THE DATA:

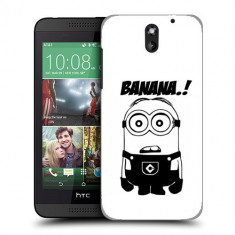 Husa HTC Desire 610 Silicon Gel Tpu Model Minion Banana B&amp;amp;W foto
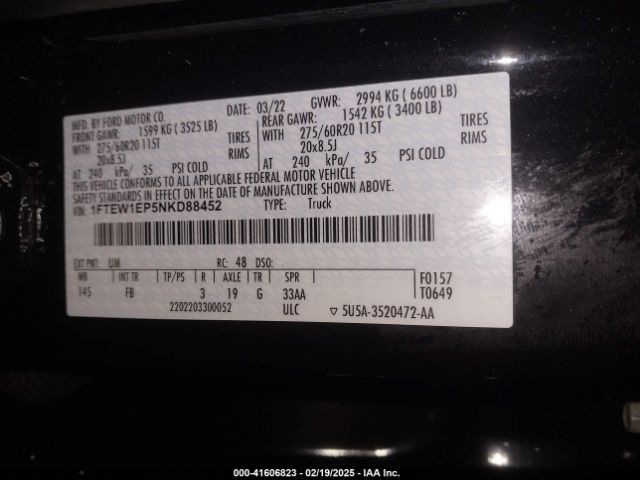 2022 FORD F-150 1FTEW1EP5NKD88452 Photo 8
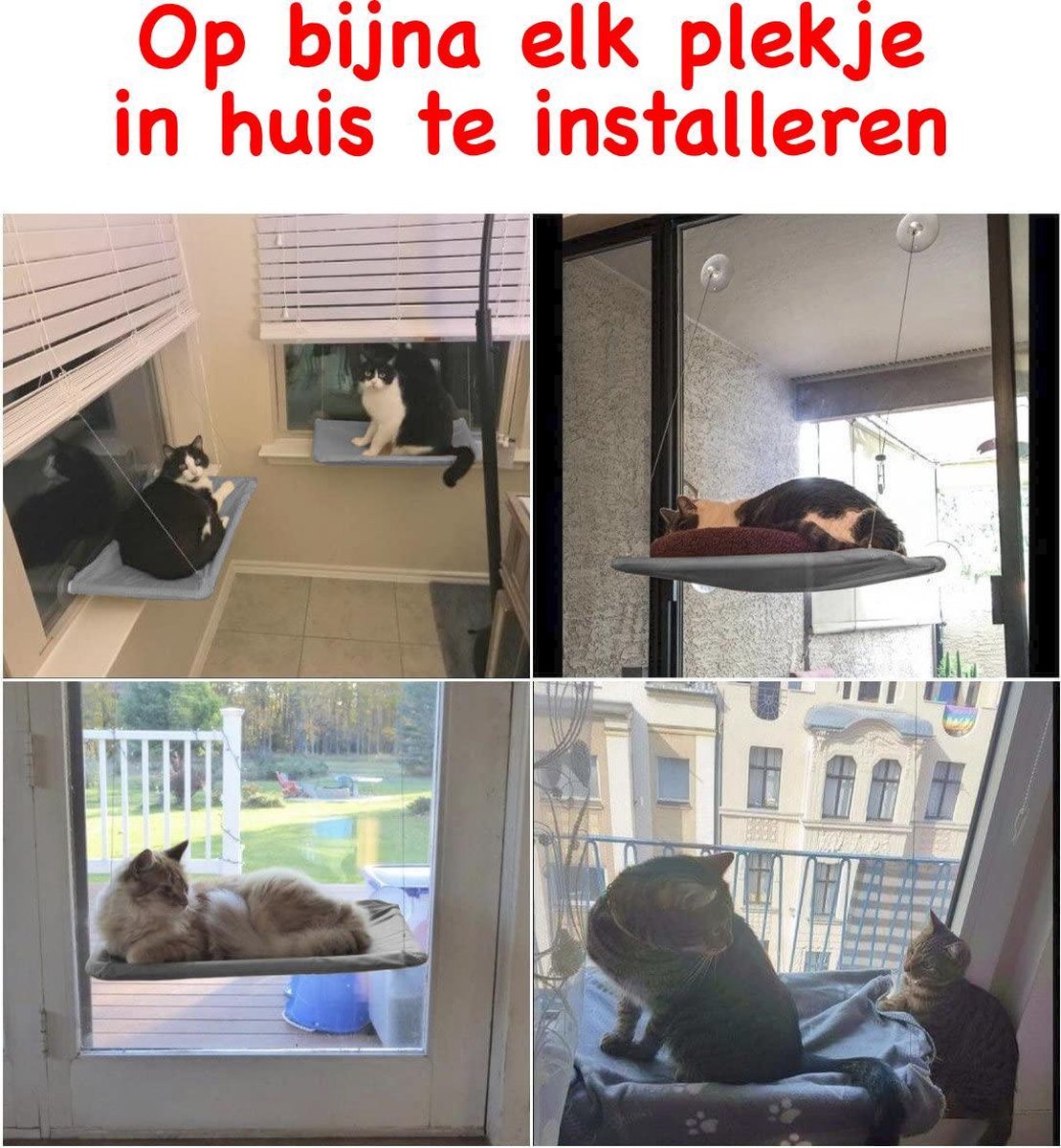 Merkloos Kattenhangmat - Kattenbed - Hangmat Kat Raam Ook Voor Radiator En Deur - Kattenmand Raam En Radiator - Katten Hangmat - Radiatorhangmat Kat Kattenstoel - Tijdelijk Met Extra Hangmat Hoes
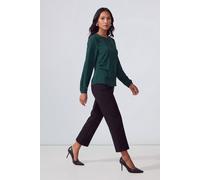 Debenhams Signature Crepe Long Sleeve Draped Blouse In Emerald emerald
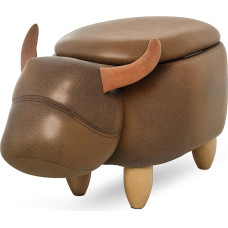 HOMCOM Buffalo Shaped Storage Pouf, Modern Living Room Pouf, Footstool, Wooden Frame, Padded Seat, 62 x 35 x 36 cm, Brown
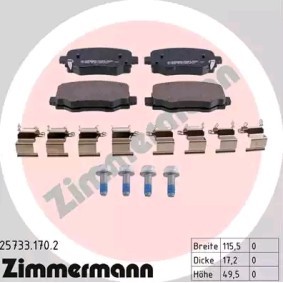 Comprar Juego de pastillas de freno de ZIMMERMANN 25733.170.2 a bajo precio de 57,24 €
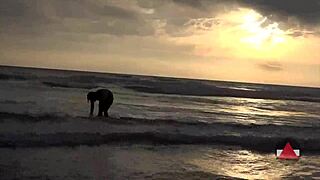 Wet Asian Model In Bikini At Beach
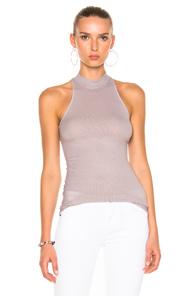 Enza Costa Rib Mock Neck Tank In Gray,neutrals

TASK DIRECTIONS: Type the listing out again word for word, passing over each picture.

EXPECTED ANSWER:
 Husa HTC Desire 610 Silicon Gel Tpu Model Minion Banana B&amp;amp;W foto
 2022 FORD F-150 1FTEW1EP5NKD88452 Photo 8
 Merkloos Kattenhangmat - Kattenbed - Hangmat Kat Raam Ook Voor Radiator En Deur - Kattenmand Raam En Radiator - Katten Hangmat - Radiatorhangmat Kat Kattenstoel - Tijdelijk Met Extra Hangmat Hoes
 Debenhams Signature Crepe Long Sleeve Draped Blouse In Emerald emerald
 HOMCOM Buffalo Shaped Storage Pouf, Modern Living Room Pouf, Footstool, Wooden Frame, Padded Seat, 62 x 35 x 36 cm, Brown
 Comprar Juego de pastillas de freno de ZIMMERMANN 25733.170.2 a bajo precio de 57,24 €
 Wet Asian Model In Bikini At Beach
 Enza Costa Rib Mock Neck Tank In Gray,neutrals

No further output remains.